- Recorded information
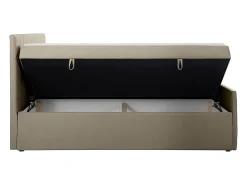 Vente-unique Ensemble complet literie déco tête de lit + sommiers coffre + matelas + surmatelas - 180 x 200 cm - Velours - Taupe - MAKANA de* Lit Avec Rangement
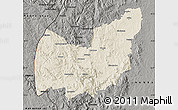 Shaded Relief Map of Manzini, darken, semi-desaturated
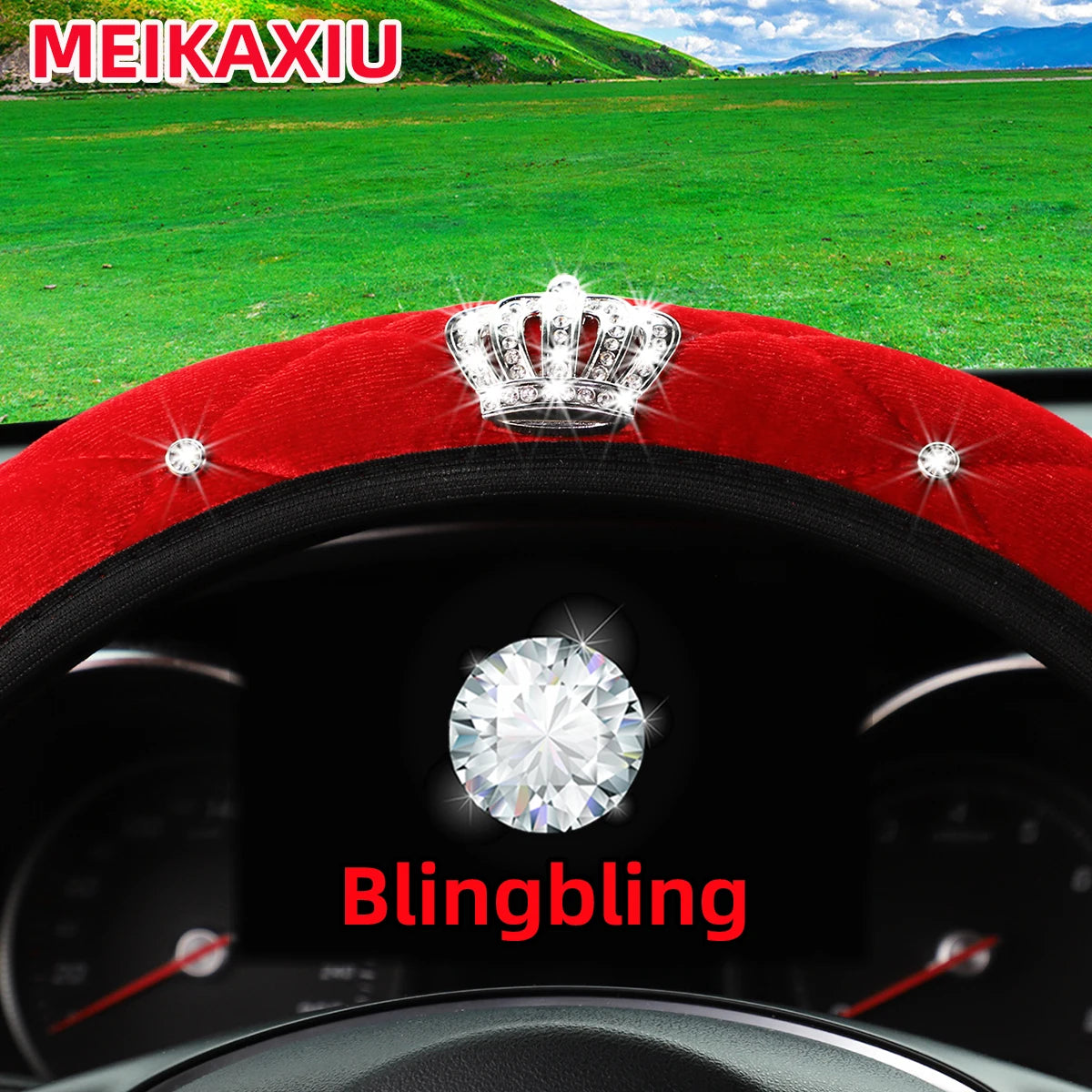 Fuzzy Bling Crown Steering Wheel Cover, No Inner Ring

- Exercise description
The preceding listing is to be restated word for word, with every picture omitted.

- Response area
 Vente-unique Ensemble complet literie déco tête de lit + sommiers coffre + matelas + surmatelas - 180 x 200 cm - Velours - Taupe - MAKANA de* Lit Avec Rangement
 Shaded Relief Map of Manzini, darken, semi-desaturated
 Fuzzy Bling Crown Steering Wheel Cover, No Inner Ring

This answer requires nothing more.